2020 has been one of my most sporadic years for blogging and writing, despite the fact that I had some pretty big dreams when the year began. With my college graduation on the horizon, I was looking forward to having more time to dive into many of the projects I’d started over the years.
As you may have noticed, things didn’t quite go as planned.
I’ve talked before about breaking my own rules when it comes to blogging and the need to take a break from writing sometimes, so I won’t rehash it here. Long story short: deadlines and goals are good, but giving yourself grace is important too. (And who hasn’t needed some grace in 2020?)
I’ve gotten to the point where I can usually tell when I’m getting burned out – I get bored. Projects and hobbies that, at first, felt exciting and new to me lose their shininess. As I’ve said before, sometimes you have to push through – in other words, dig deep and rediscover what made you fall in love with that project or hobby in the first place. Sometimes you need to step away entirely until you can look at it with fresh eyes.
Other times, though, you need to find a middle ground.
I’ll use myself as an example: this year, my goal was to write the first draft of the first book for Project Quest, my fantasy novel trilogy. I blocked out the entire storyline last winter, and I was ready to give it another go in 2020.

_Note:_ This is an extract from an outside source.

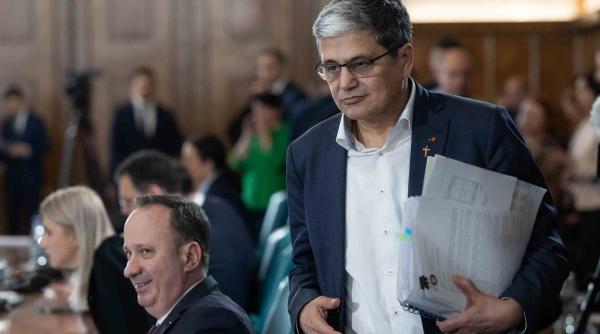 Planul de ajustare a deficitului bugetar: România se pregătește pentru discuțiile cu Comisia Europeană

Ignoring for a moment that I unintentionally managed to pick the worst year to write a novel, this just wasn’t a sustainable mindset. I dedicated nearly all of my writing time to Project Quest, and halfway through the year, I was tired of it. Don’t get me wrong, it’s still near and dear to my heart, and it’s not going anywhere anytime soon.
At first I tried the “don’t do anything at all and just play video games” approach. It worked… sort of. The problem was that I still had an itch to write, but every time I sat down to work on Project Quest, I was at a loss.
For writers, October is often the signal that says “HEY NATIONAL NOVEL WRITING MONTH IS COMING SOON, GET YOUR ACT TOGETHER.” I hadn’t been planning on participating in NaNoWriMo this year for various reasons. And then those issues started resolving themselves, and I started running out of excuses.
So I told myself I would participate. If nothing else, the challenge would give me the push I needed to start writing again.
Unfortunately, this led to a second dilemma: What on earth was I going to write?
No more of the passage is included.